I’m realising more and more that this desire to be ‘the best’ means that actually, I’m always going to let myself down; the reality, that it’s unlikely that the work I produce is going to be fantastic, is enough to scare me off starting it at all. I’ve read recently that this is known as the three Ps; perfectionism, procrastination and paralysis. Sounds extreme, but if you’ve experienced perfectionist’s procrastination in all it’s glory, paralysis is exactly what it feels like;
In the moment that I have the idea, or agree to the piece of work, I feel like I understand exactly what I need to do, and I feel for a moment that I can do well, even excited, because I’m passionate about it. That changes very quickly; I want what I deliver to be out of this world, better than anything that anyone who sees it has ever seen, and naturally, because that’s impossible, it starts to feel very daunting.
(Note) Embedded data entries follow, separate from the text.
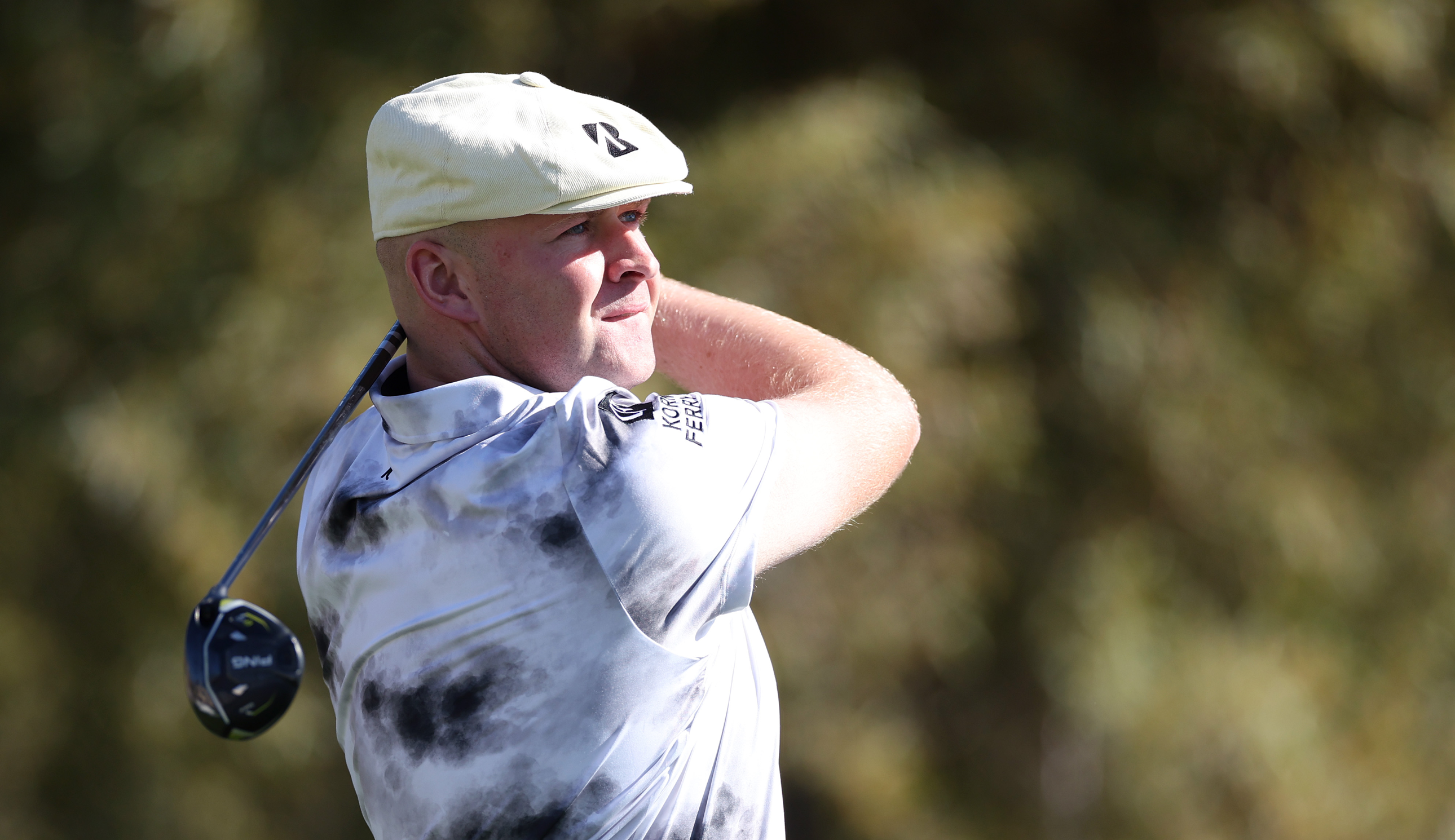 Harry Hall hits a fairway wood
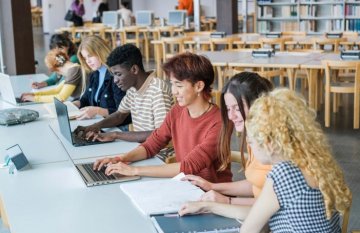 A group of diverse young adults, working together on their laptops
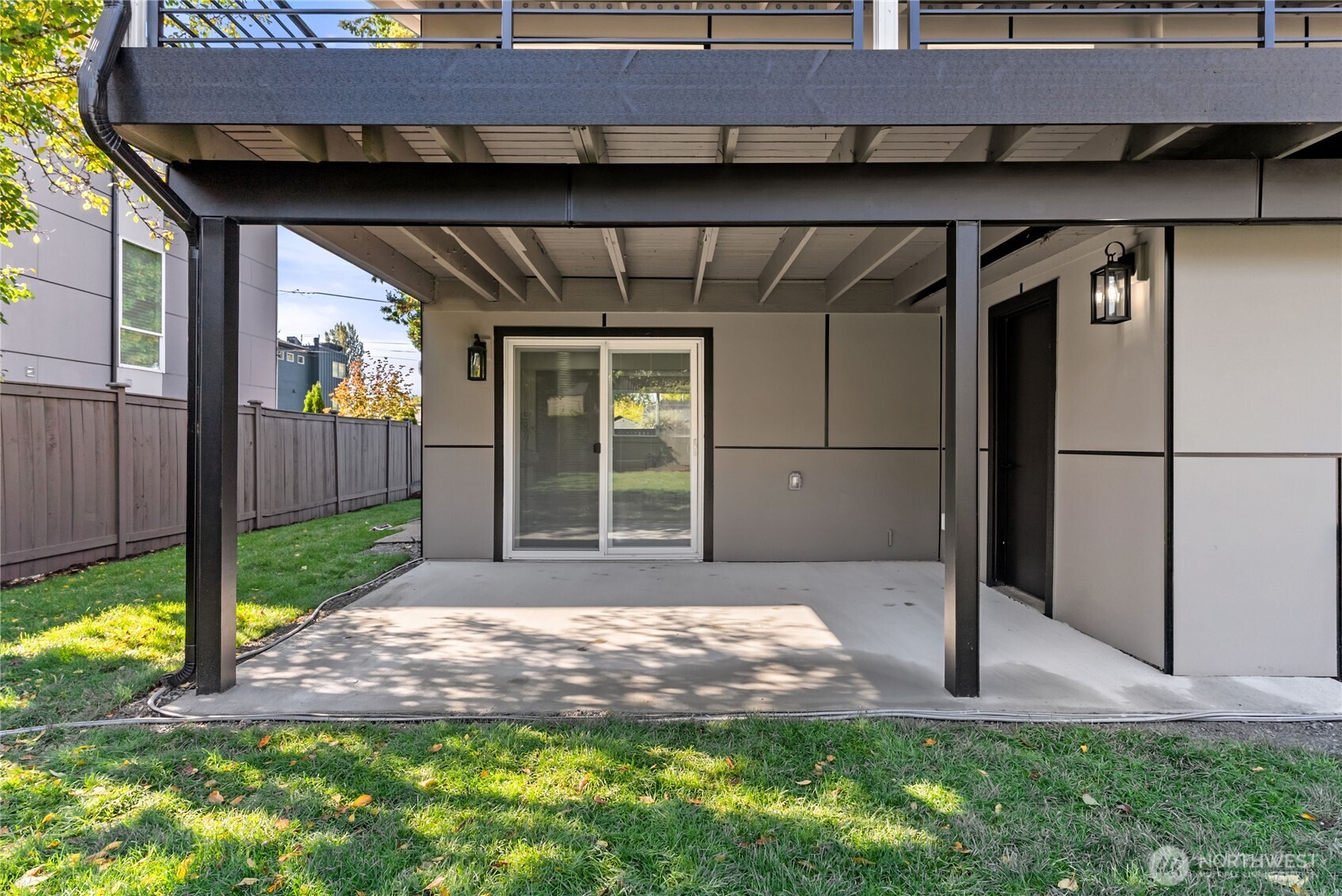 9548 3rd Avenue Northwest Seattle, WA 98117 - Photo 34 of 40 a white house that has tree in front of it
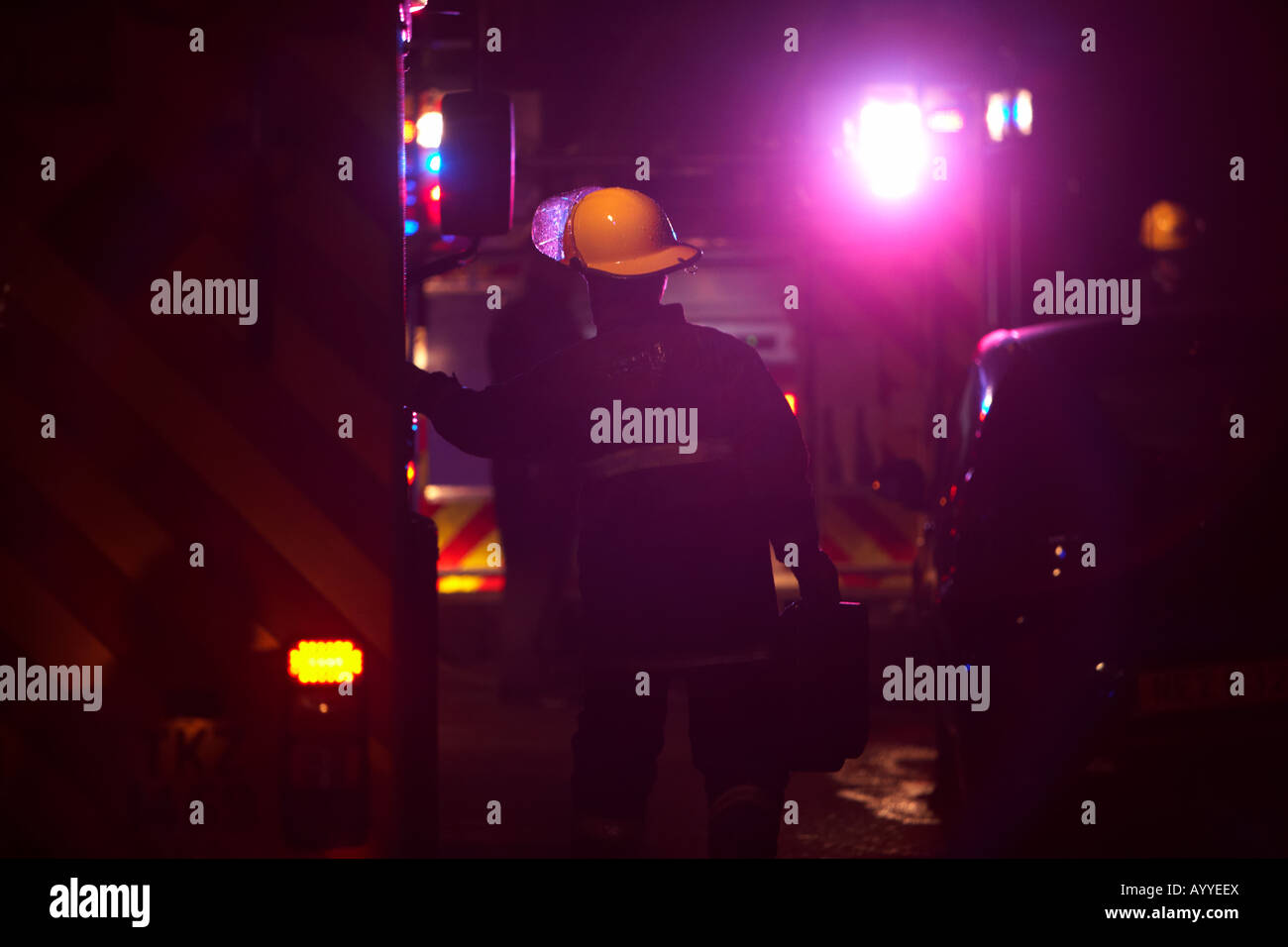 Pompier portant un casque de protection et l'exécution globale d'un cas ouvre la porte d'incendie moteur sur une rue la nuit Banque D'Images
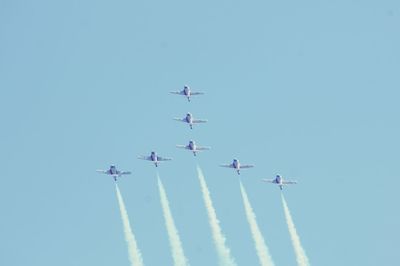 Low angle view of airplane flying against clear sky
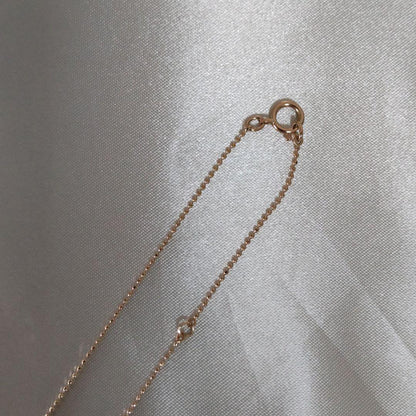 Beautiful agete ribbon-shaped necklace made of pink gold displayed on a white background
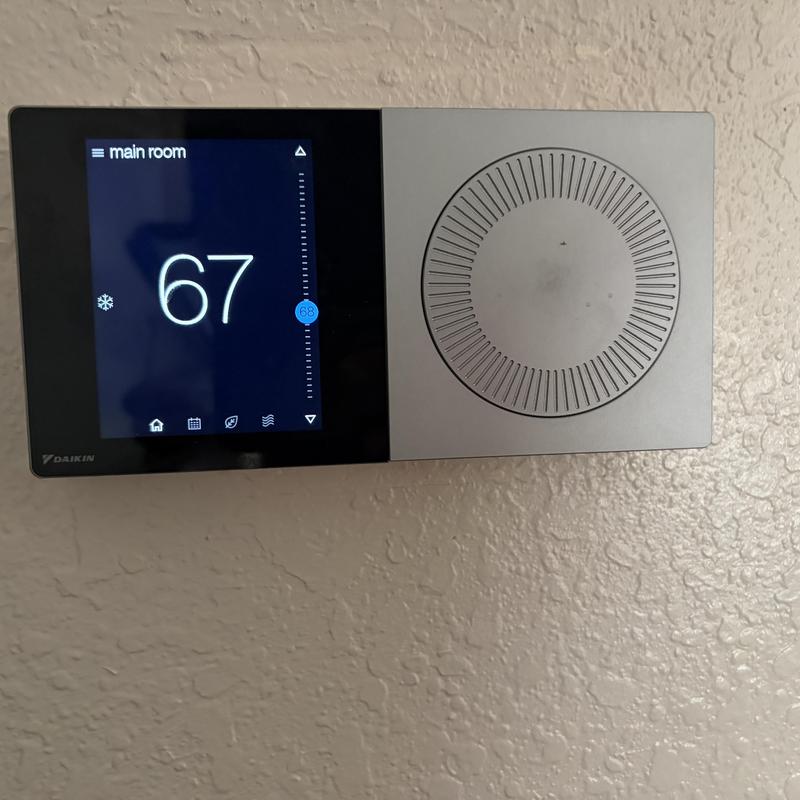 Digital thermostat displaying 67 degrees in main room Digital thermostat displaying 67 degrees in main room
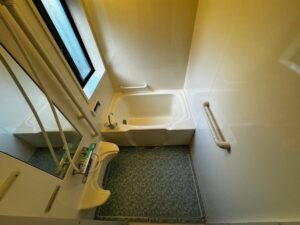 施工後、同じ角度から見た浴室。浴槽と壁が明るくなり、床は青緑がかったグレーのモザイク柄の床シートになっている
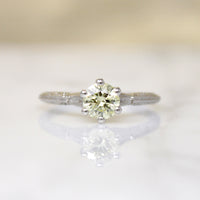 Delightful Yellow Diamond in Engraved Platinum Solitaire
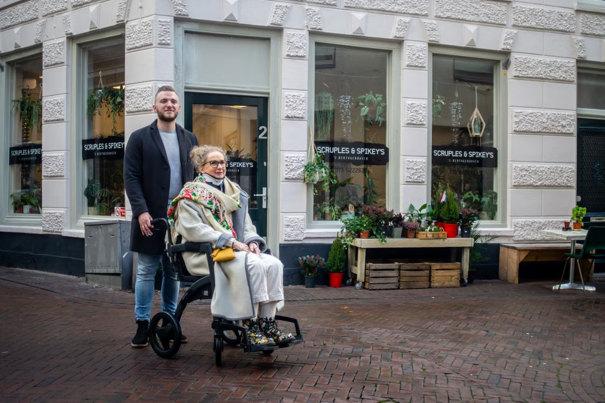 Een man staat achter een vrouw in een rolstoel buiten een plantenwinkel in een straat met bakstenen, omringd door potplanten.
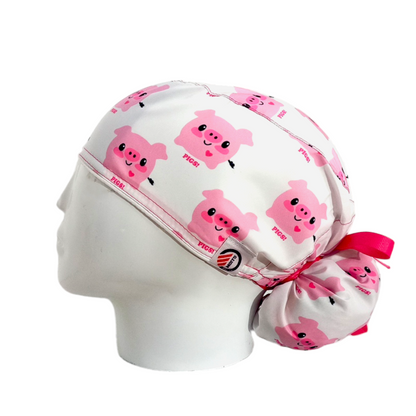 Gorro Quirúrgico Mujer y Portacarnet Cerditos Blanco - gorro antifluido para mujer Doctools - foto 1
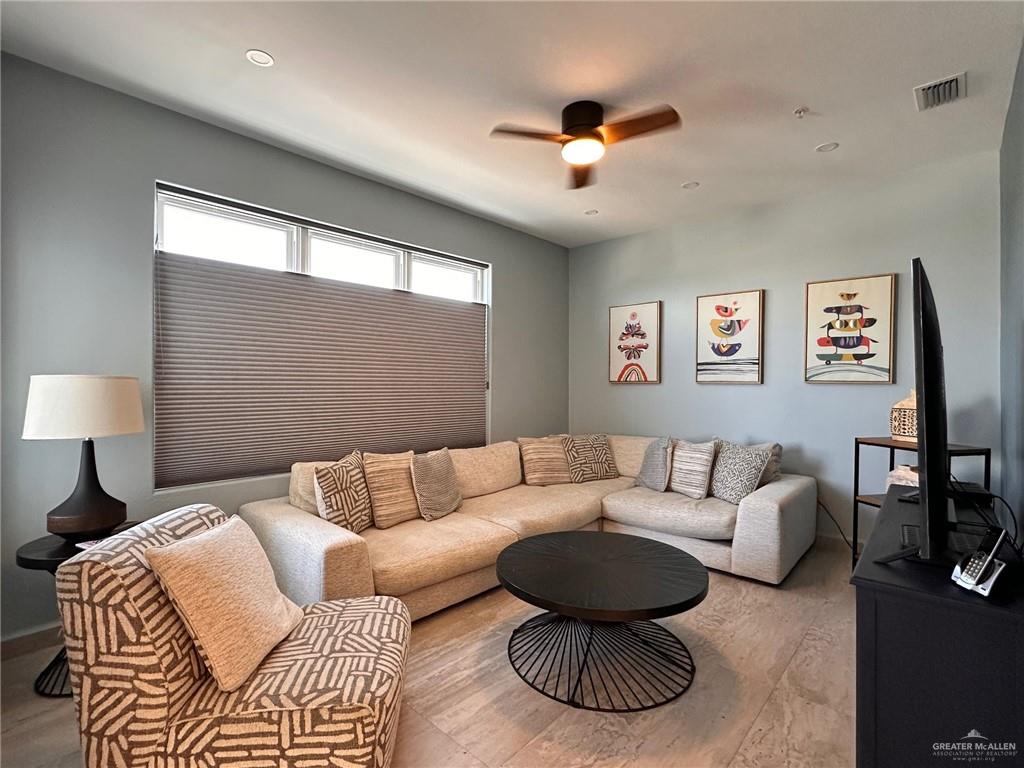 2700 Gulf Boulevard, Unit 204 South Padre Island, TX 78597 - Photo 5 of 31 a living room with furniture and a large window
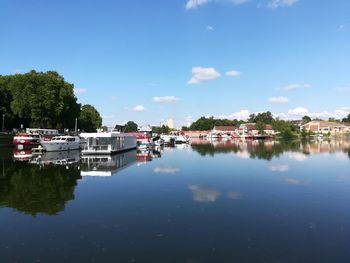 Boats moored in canal by buildings against sky in city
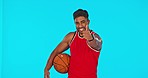 Basketball, man and thumbs up for success in sports isolated in studio on blue background mockup. Face portrait, happy person or ball spin with emoji for exercise goals, like or hand gesture for yes.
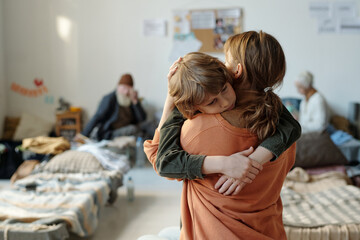 Rear view of young single mother holding her youthful son on hands while sad boy embracing her in camp for those in need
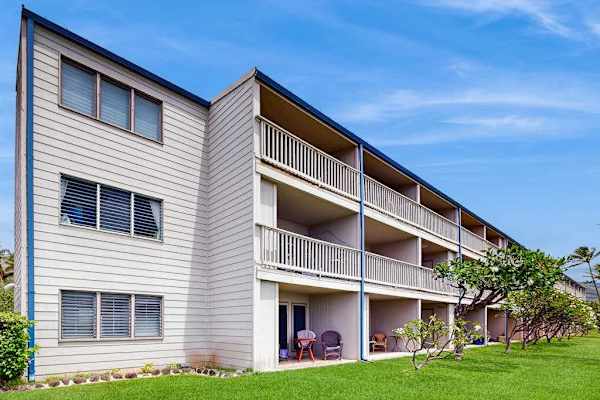 Resort building features balconies, lawns, palms, and sunny island surroundings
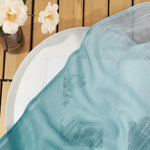 Voile léger bleu drapé sur une table en bois, avec des fleurs blanches délicates dans un vase, parfait pour un décor élégant et minimaliste. Accessoire idéal pour sublimer votre intérieur avec une touche de fraîcheur et de sophistication naturelle.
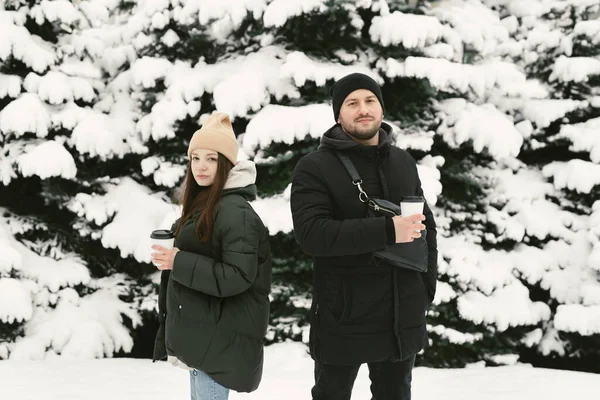 O homem e a mulher têm um resto no parque de inverno. Jovens amigos em roupas de inverno em pé entre árvores nevadas e desfrutando da primeira neve — Fotografia de Stock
Before too long, the feeling turns to something rather like dread. ‘I just need to do some more research’ or ‘I just need to get a nice long chunk of time to be able to start it properly’, I think. I put it off until the next day. And the next day. And the next day. Not because I don’t want to do it, because I genuinely can’t get started. The fact that I’m procrastinating begins to fuel feelings of anxiety. The deadline, self-imposed or otherwise, gets closer. Suddenly there’s barely enough time to do whatever it is, let alone do it well. I do the piece of work, or write the post, in a stressed, negative frame of mind, while kicking myself for being so lazy, useless and incompetent.
When it’s done, I look at it with my classic all or nothing approach; if it’s not perfect, which it isn’t, it’s terrible, and there is no in between (seriously, when I was at school, if I didn’t get the highest grade, it was the end of the world. I’m still disappointed about a B I got at GCSE).
You might have noticed recently that I’m sharing less ‘musings’ and more ‘here is a tangible thing and what I think of it’. Honestly? I like those kinds of posts, but my favourite to read from others and what I want more than anything to be writing is the more think piece/musings/personal stuff. The problem is that I’ve been struggling so much with perfectionist’s procrastination recently that I can’t seem to get them out. All of the subjects I most want to write about are really important to me, and therefore it’s really important to me to do a good job of them.
On the plus side, this very post was very important to me too, and although of course there’s no time to perfect it (if I didn’t set myself deadlines and make myself post, I’d never post anything, because nothing would ever be good enough) I seem to have just about cobbled something together. Maybe there’s hope for me yet.